この土地に踏み込むための旅準備は、大変でした。チェチェン、イングーシ、ダゲスタンは最新の英語ガイドブックにも「行くな」と書いてあった。外務省の渡航情報は何十年も「行くな」と言っている。事実、現地にはロシア人観光客さえほとんどいない状態だった。治安情勢は好転の兆しとはいえ、悪いニュースは皆無ではありませんから、時間をかけ、熟考を重ね、最も大事な “綿密な下調べ” を重ねました。
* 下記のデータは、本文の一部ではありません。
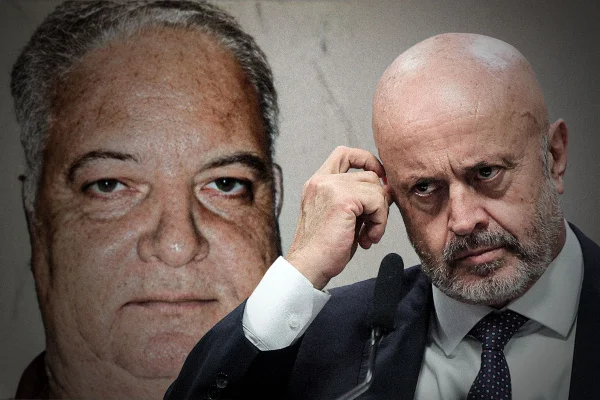 Anderson Ladeira Viana e Careca do INSS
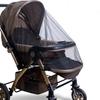 Mosquitera para carrito de bebé mosquitera para carrito de bebé mosquitera cifrada para bebé cubierta protectora para bebé red para insectos cubierta de mosquitera portátil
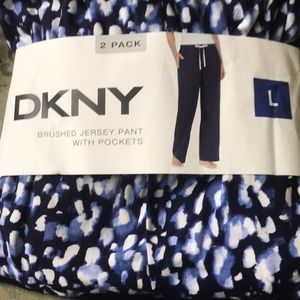 Dkny Lounge Pants With Pockets 2 Pack 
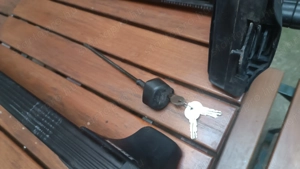 Thule tetősín tető keresztrúd gyors csatis kulcsaival - kép 3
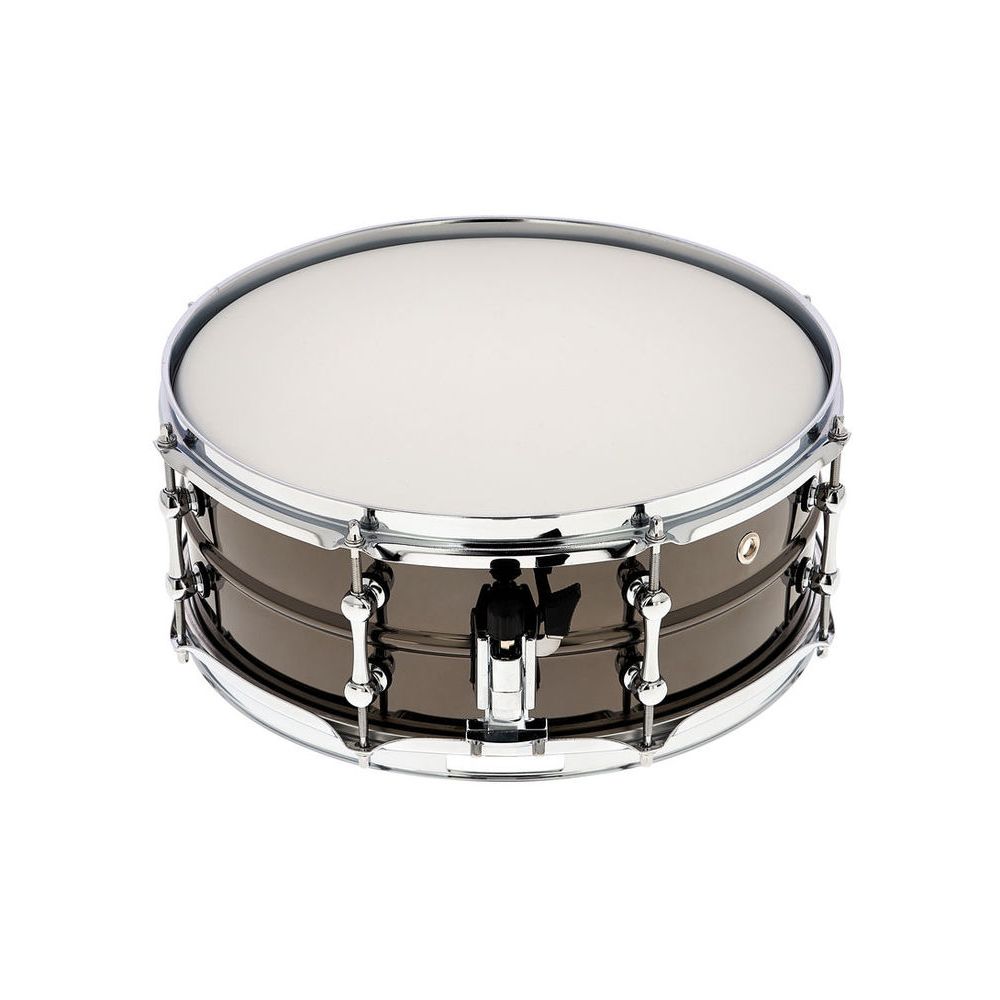 Millenium 14"x5,5" Black Steel Snare – Thomann Ireland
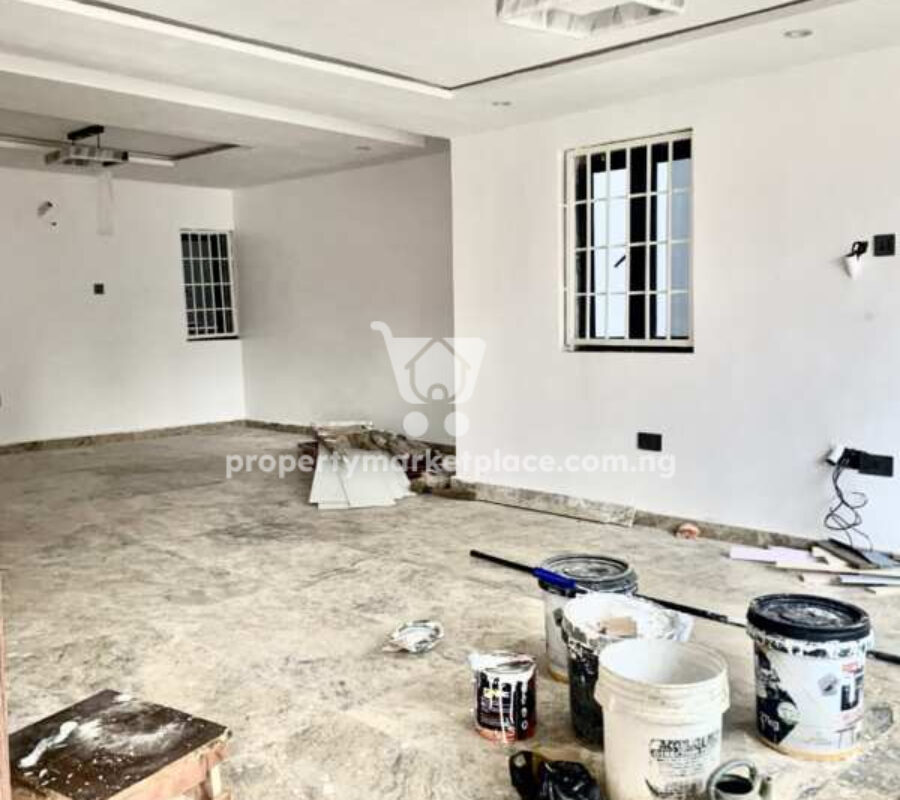 5 bedroom terrace duplex with a room boy’s quarters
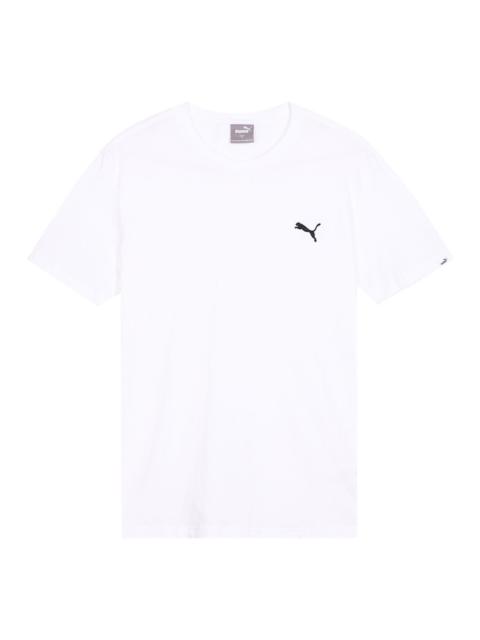 PUMA Essentials Logo Tee 'White' 584369-02
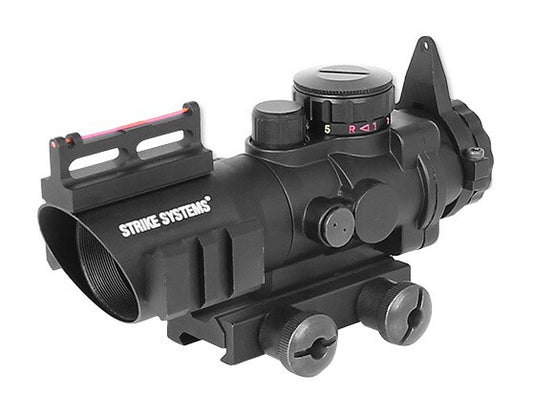 Luneta celownicza Strike Systems Tactical Scope 4x32 - Dual Color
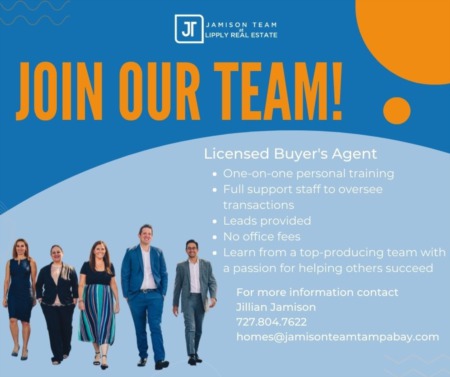 JOIN OUR TEAM!
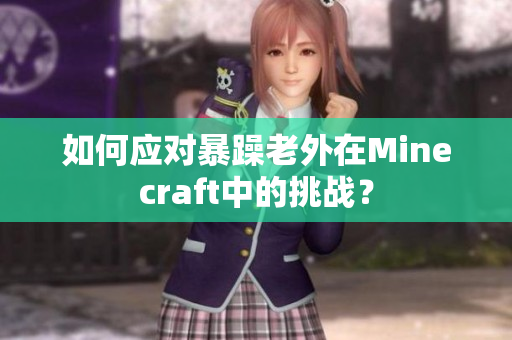 如何应对暴躁老外在Minecraft中的挑战？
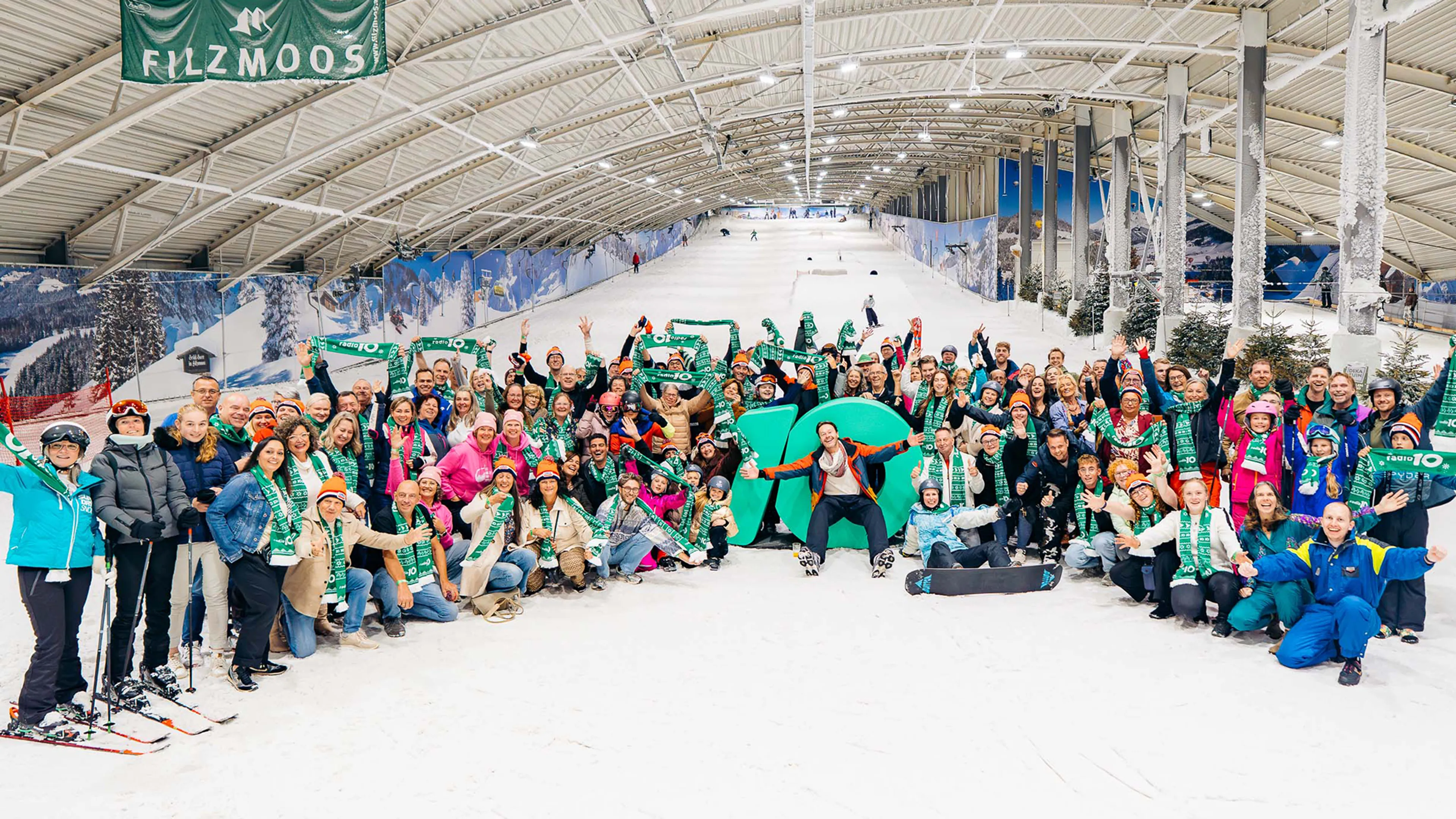 Dit was de Dag van 10 met Gijs Staverman vanuit SnowWorld!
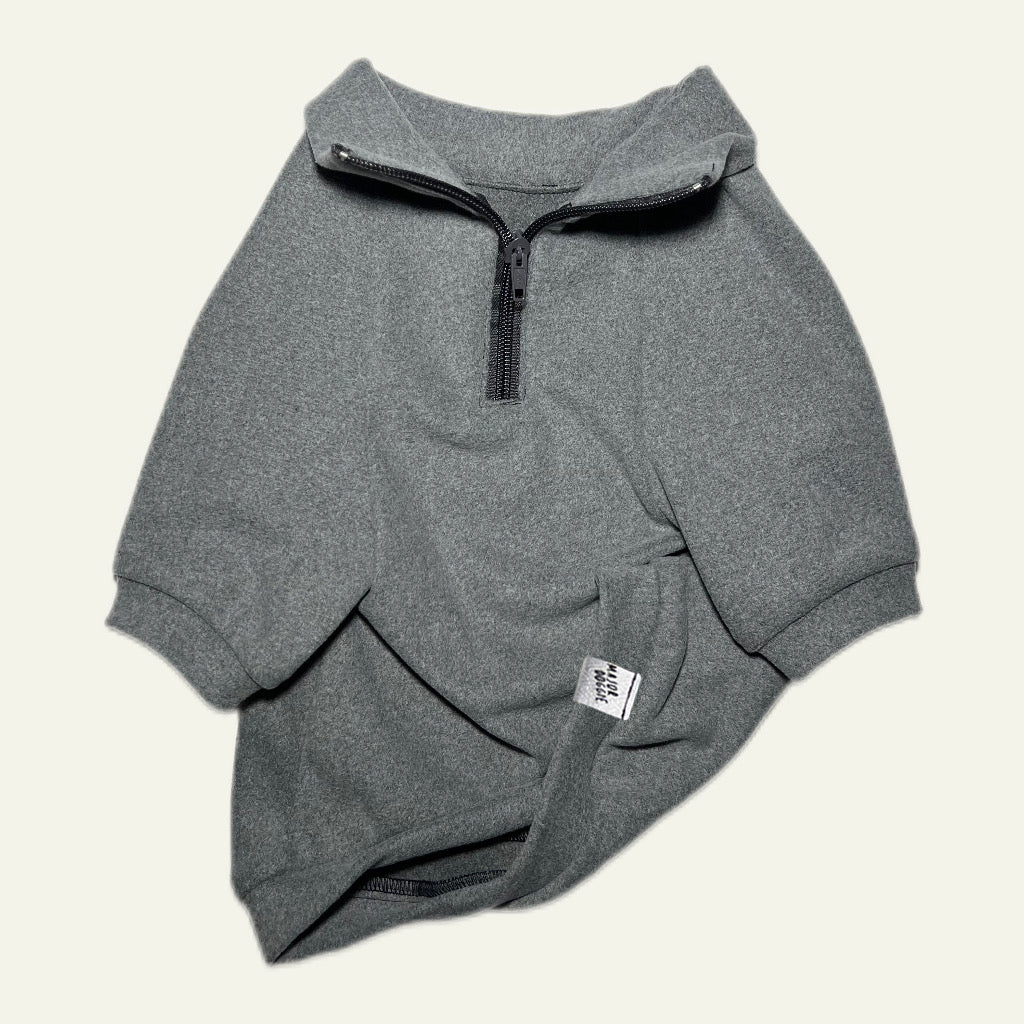 Clean Look | Half-Zip Sweater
それでも観光情報などはほとんど事前入手できていません。だからこそ、旅行者がほとんど通らないルートの連続で旅をし、まさに、「クリミア-北コーカサス-カルムイク」を「夢ルート」でつなぐことができました。そうして踏み込んだその土地の旅は、それまでの苦労の大きさの裏に、素晴らしい感激の世界が広がっていました。もちろん、ロシアの30日ビザの旅では、十数箇所を見ただけの体験では何も語ることはできませんが、個人旅行ならではの地元の人との触れ合いは大きく、得る感動の大きさは、計り知れないものがあった。その点には間違いがありません。
実は、今回の共和国群めぐりでは、どの共和国でも地元の人に何かしらをごちそうになっています。本当にコーカサスの人々の優しさが身に染みます。戦争を体験する人々の心は本当に優しい。優しくしてくれたみんなに感謝。そして感謝と言えば、誰よりも夫に感謝しています。尋常でない “綿密な下調べ” をこなしてくれた夫には、本当に感謝している。
でも、これだけ体験が詰まった共和国群を旅したのに、パスポートにはただ1回分のロシア出入国スタンプがあるのみ。今回の各共和国群の旅は、自分自身が強くその体験を保持しなければならないと思っている。撮った写真はおよそ3200枚。私は、それらの記録と体験に、検証を加えて記事などにして残したい。
何よりも、紛争が相次いだ今回の旅路の、今後ますますの復興と平和と幸せを、心から望む。